Short text fragments from websites
Content starts

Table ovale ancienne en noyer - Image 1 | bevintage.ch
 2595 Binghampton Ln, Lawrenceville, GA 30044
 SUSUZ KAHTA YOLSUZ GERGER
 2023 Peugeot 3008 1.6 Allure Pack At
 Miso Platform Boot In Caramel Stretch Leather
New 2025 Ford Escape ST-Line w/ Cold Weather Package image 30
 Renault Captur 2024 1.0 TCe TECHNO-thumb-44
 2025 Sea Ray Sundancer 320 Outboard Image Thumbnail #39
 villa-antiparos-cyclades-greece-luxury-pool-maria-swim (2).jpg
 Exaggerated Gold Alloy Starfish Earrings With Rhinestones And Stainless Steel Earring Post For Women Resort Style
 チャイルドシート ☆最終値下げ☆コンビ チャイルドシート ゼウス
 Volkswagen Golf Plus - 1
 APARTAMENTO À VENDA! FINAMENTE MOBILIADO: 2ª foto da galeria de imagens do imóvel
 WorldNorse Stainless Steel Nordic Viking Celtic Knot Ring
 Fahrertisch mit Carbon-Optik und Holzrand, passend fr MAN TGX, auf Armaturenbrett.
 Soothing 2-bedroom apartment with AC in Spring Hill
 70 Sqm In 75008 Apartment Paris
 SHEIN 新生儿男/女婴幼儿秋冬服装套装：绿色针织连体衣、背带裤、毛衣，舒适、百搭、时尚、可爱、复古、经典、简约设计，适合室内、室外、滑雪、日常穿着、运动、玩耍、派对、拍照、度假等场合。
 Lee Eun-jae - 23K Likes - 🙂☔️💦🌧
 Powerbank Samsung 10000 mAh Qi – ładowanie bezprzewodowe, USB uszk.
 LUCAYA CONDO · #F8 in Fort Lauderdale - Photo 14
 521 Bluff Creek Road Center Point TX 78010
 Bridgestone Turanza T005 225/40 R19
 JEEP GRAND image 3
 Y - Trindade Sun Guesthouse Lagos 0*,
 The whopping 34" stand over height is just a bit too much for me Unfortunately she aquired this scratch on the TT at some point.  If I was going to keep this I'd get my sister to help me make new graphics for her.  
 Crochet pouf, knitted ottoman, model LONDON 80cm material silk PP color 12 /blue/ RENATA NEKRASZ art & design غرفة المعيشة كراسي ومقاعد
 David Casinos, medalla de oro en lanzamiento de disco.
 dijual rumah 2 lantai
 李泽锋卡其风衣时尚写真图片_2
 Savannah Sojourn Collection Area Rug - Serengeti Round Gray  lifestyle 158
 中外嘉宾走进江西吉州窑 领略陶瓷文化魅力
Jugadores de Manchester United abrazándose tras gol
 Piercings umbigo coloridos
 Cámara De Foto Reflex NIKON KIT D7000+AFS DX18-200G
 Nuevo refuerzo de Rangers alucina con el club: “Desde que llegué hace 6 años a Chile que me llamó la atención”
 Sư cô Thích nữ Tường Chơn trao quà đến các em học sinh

Content ends

Task details ▸
Output an exact copy of the lines from the one holding "APARTAMENTO À VENDA!" to the last line of the data, inclusive, and nothing beyond that range.

Answer area ▸
 APARTAMENTO À VENDA! FINAMENTE MOBILIADO: 2ª foto da galeria de imagens do imóvel
 WorldNorse Stainless Steel Nordic Viking Celtic Knot Ring
 Fahrertisch mit Carbon-Optik und Holzrand, passend fr MAN TGX, auf Armaturenbrett.
 Soothing 2-bedroom apartment with AC in Spring Hill
 70 Sqm In 75008 Apartment Paris
 SHEIN 新生儿男/女婴幼儿秋冬服装套装：绿色针织连体衣、背带裤、毛衣，舒适、百搭、时尚、可爱、复古、经典、简约设计，适合室内、室外、滑雪、日常穿着、运动、玩耍、派对、拍照、度假等场合。
 Lee Eun-jae - 23K Likes - 🙂☔️💦🌧
 Powerbank Samsung 10000 mAh Qi – ładowanie bezprzewodowe, USB uszk.
 LUCAYA CONDO · #F8 in Fort Lauderdale - Photo 14
 521 Bluff Creek Road Center Point TX 78010
 Bridgestone Turanza T005 225/40 R19
 JEEP GRAND image 3
 Y - Trindade Sun Guesthouse Lagos 0*,
 The whopping 34" stand over height is just a bit too much for me Unfortunately she aquired this scratch on the TT at some point.  If I was going to keep this I'd get my sister to help me make new graphics for her.  
 Crochet pouf, knitted ottoman, model LONDON 80cm material silk PP color 12 /blue/ RENATA NEKRASZ art & design غرفة المعيشة كراسي ومقاعد
 David Casinos, medalla de oro en lanzamiento de disco.
 dijual rumah 2 lantai
 李泽锋卡其风衣时尚写真图片_2
 Savannah Sojourn Collection Area Rug - Serengeti Round Gray  lifestyle 158
 中外嘉宾走进江西吉州窑 领略陶瓷文化魅力
Jugadores de Manchester United abrazándose tras gol
 Piercings umbigo coloridos
 Cámara De Foto Reflex NIKON KIT D7000+AFS DX18-200G
 Nuevo refuerzo de Rangers alucina con el club: “Desde que llegué hace 6 años a Chile que me llamó la atención”
 Sư cô Thích nữ Tường Chơn trao quà đến các em học sinh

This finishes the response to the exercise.